Once the intake officers complete the Initial Classification/Temporary Cell Assignment form, the computer booking officer enters the information into the jail’s “Offendertrak” computer system, and then assigns the inmate to either general population or a specific mental health observation status. The officer assigns the inmate to a heightened observation status based on inmate need, current pending charges, inmate legal status, predatory risk, current physieal/mental health, and suicide risk factors. If the inmate demonstrates a high risk for self-harm or a desire or intent to commit suicide, the officer refers the inmate to the mental health staff and places the inmate in one of three observation statuses: (1) “High Observation,”2 if the inmate is actively suicidal; (2) “Close Observation,”3 if the inmate is not actively suicidal but has a recent history of suicide attempts; or (3) “Suicide Caution,” if the inmate has been suicidal or indicated an intent to harm themselves in the past. After intake, a member of the health services staff screens all prisoners for both physical and mental health concerns. If the health services staff deems the prisoner to be a suicide risk, the staff member places the inmate in a High Observation cell with a “Suicide Caution” status. After the initial classification determination by the intake officers and health services staff, a more detailed, primary classification analysis by a Classification Officer will occur within seventy-two hours of arraignment. No inmate placed under High or Close Observation had committed suicide while at the jail prior to Prochnow’s incarceration. Four jail inmates placed in the general population committed suicide in the year proceeding Prochnow’s suicide.

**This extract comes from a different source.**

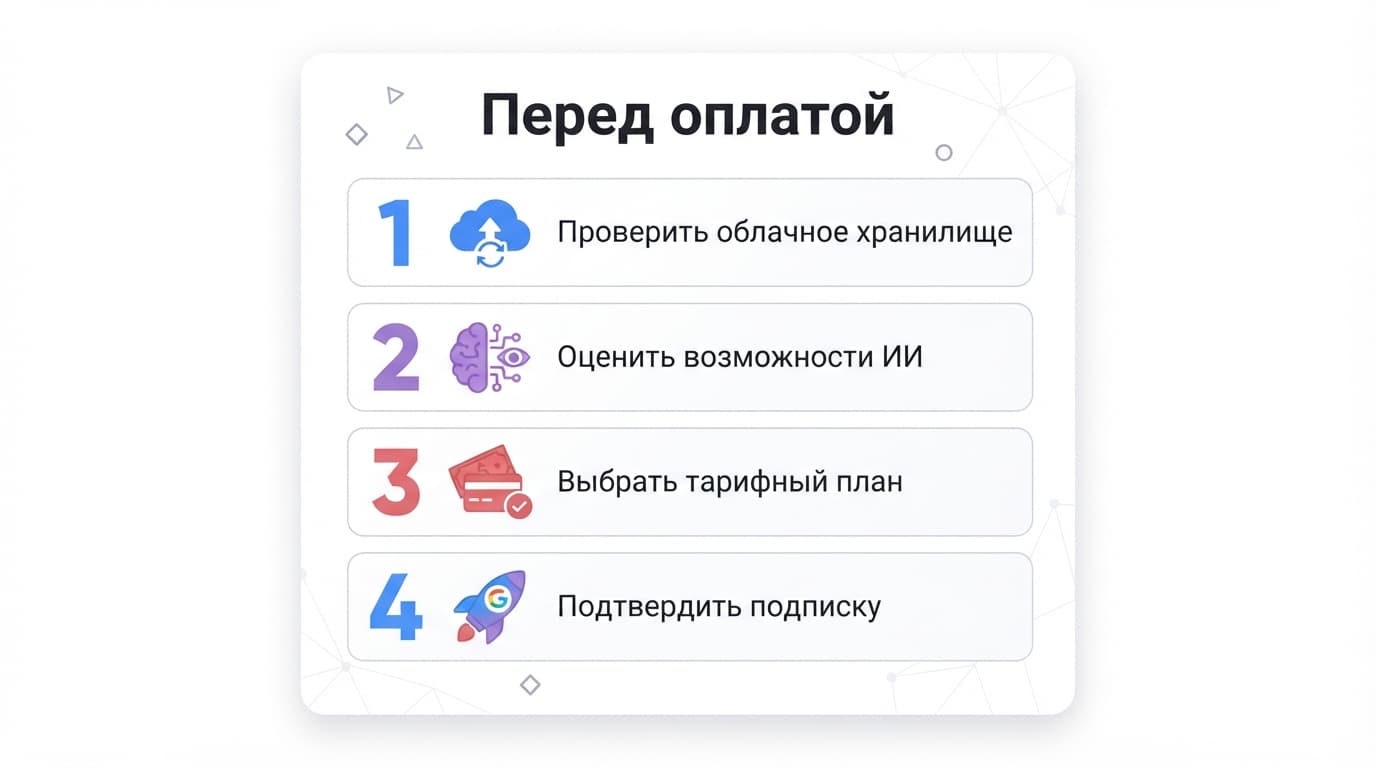 Как оформить подписку Google AI Pro (Gemini) из России в 2026 году — фото 5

All corrections deputies receive suicide prevention training during Corrections Academy. This includes instruction on identifying warning signs and risk factors for suicide and discussion of specific jail policies enacted to prevent suicide. Deputies must receive at least one hour of refresher suicide prevention training each year. All staff members are trained in CPR and first aid.

C

Prochnow arrived at the jail at approximately 2:25 PM on August 13. Deputies Beverly Puchovan and Amy Franks processed Prochnow at intake. Puchovan and Franks frequently worked together at intake processing, with Puchovan at the front window as the initial intake officer and Franks at the computer stations behind the front window as the computer booking officer. Over time, Franks and Puchovan developed an informal “good to go” system for intake screening. First, [304]*304Puchovan patted-down inmates upon arrival to search for contraband. Then, Pucho-van asked the inmate variations of three of the required screening questions: (1) Have you been to this jail previously?; (2) Have you ever attempted suicide?; and (3) Do you feel like you want to hurt yourself now? If the inmate answered “no” to the last two questions, Puchovan informed Franks that the inmate was “good to go” and not a suicide risk. Franks would then complete the Initial Classification/Temporary Cell Assignment form and assign the inmate to general population without directly interviewing the inmate. If the inmate answered “yes” to either of Pucho-van’s final two questions, Franks would place the inmate on High Observation, again without further inquiry.